Proper Treatment 正當作法/ blog/ posts/ Higher-order shell
標籤 Tags:
2008-09-29 01:39

Many Unix utilities execute their arguments as a command line in turn. Some well-known examples are nice, sudo, xargs, and find. These programs are sometimes called meta-commands, but I think of them as higher-order programs by analogy to higher-order functions.

Surely I was not the first to write the following two higher-order programs, given how useful they are.

tmp :: String -> (FilePath -> IO ()) -> IO ()

The first program is tmp. It puts standard input in a temporary file, then invokes the arguments as a command with the name of the temporary file appended.

This program is useful because some programs require input in the form of an ordinary file rather than a pipe. For example, say that we want to retrieve a URL and display the contents using xdvi. It would be nice to be able to say

curl http://www.diku.dk/~andrzej/papers/RC.dvi | xdvi -

or

xdvi <(curl http://www.diku.dk/~andrzej/papers/RC.dvi)

but my xdvi only works on an ordinary file named on the command line:

$ curl http://www.diku.dk/~andrzej/papers/RC.dvi | xdvi -
xdvi.bin: Fatal error: -: No such file,
          and -.dvi doesn't exist either.

$ xdvi <(curl http://www.diku.dk/~andrzej/papers/RC.dvi)
xdvi.bin: Fatal error: /dev/fd/63: File has zero size,
          and /dev/fd/63.dvi doesn't exist either.

Instead, we can use tmp to adapt xdvi to our purpose.

$ curl --silent http://www.diku.dk/~andrzej/papers/RC.dvi |
  tmp xdvi

When the command is done, tmp deletes the temporary file.

$ echo foo | tmp cat
foo

$ echo foo | tmp echo | xargs cat
cat: /tmp/uyocf2fHQx: No such file or directory

Often I use tmp when I need to process the same data twice. For example, it takes two invocations of psselect to print duplex using manual feed on a printer without duplex.

$ a2ps -o- Higher-order_shell.mdwn |
  tmp sh -c 'psselect -e -r $0 | lpr;
             read </dev/tty;
             psselect -o $0 | lpr'

The use of $0 above is documented in the sh man page:

-c

Read commands from the command_string operand. Set the value of special parameter 0 (see Special Parameters) from the value of the command_name operand and the positional parameters ($1, $2, and so on) in sequence from the remaining argument operands. No commands shall be read from the standard input.

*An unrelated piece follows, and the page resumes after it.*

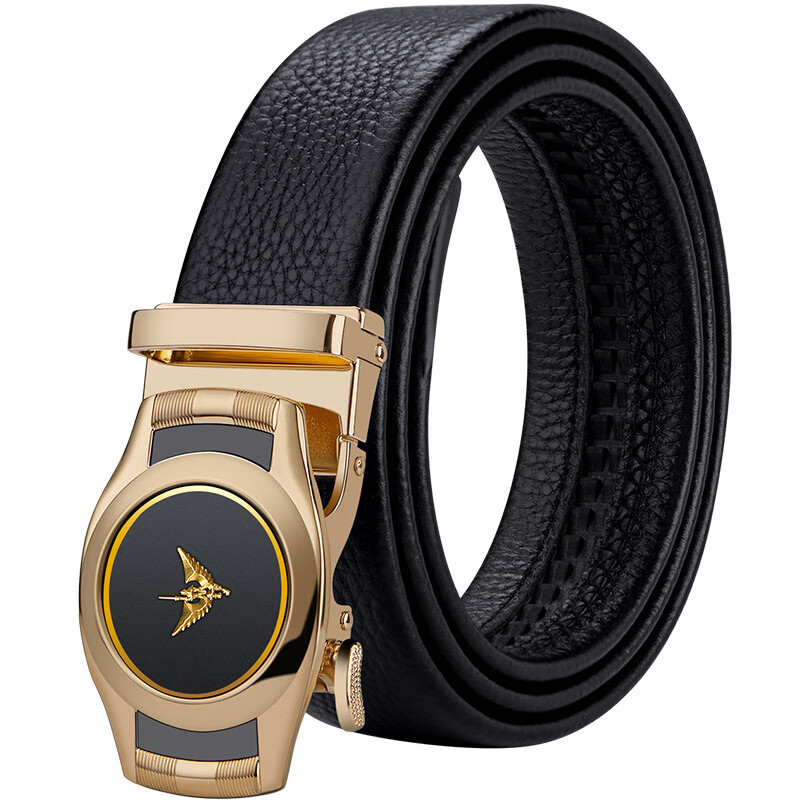 williampolo保罗皮带男士自动扣头层牛皮腰带男士休闲男皮带 金扣金标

We can also use sh -c in the same way to nest multiple invocations of tmp together. For example, the following command uses lynx to convert two HTML files into plain text, then uses xxdiff to show how the results differ. We need to invoke tmp twice because xxdiff requires both of its arguments to name ordinary files rather than pipes.

$ lynx -dump Control-Monad-State-Lazy.html |
  tmp sh -c 'lynx -dump Control-Monad-State-Strict.html |
             tmp xxdiff $0'

Because xxdiff takes the argument - to mean standard input, the following command works too.

$ lynx -dump Control-Monad-State-Lazy.html |
  tmp sh -c 'lynx -dump Control-Monad-State-Strict.html |
             xxdiff $0 -'

keep :: (forall m. MonadIO m => m ()) -> IO a

The second program is keep. It invokes the arguments as a command and monitors the files the command accesses. Whenever any of the files change, keep invokes the command again. Most of the time, I use keep to invoke LaTeX when I don’t want to bother writing a Makefile:

$ keep pdflatex talk.tex

Internally, keep uses strace (another higher-order program) to find out which files are accessed by the command, and Linux’s inotify facility to watch the files for changes. The incron utility also uses inotify to run a command when files change, but keep discovers which files to watch automatically.

Errata

Thanks to bennymack on reddit for pointing out that file can work on standard input. I changed the example from file to xdvi.

I also fixed the out-of-scope type variable in the faux signature of keep.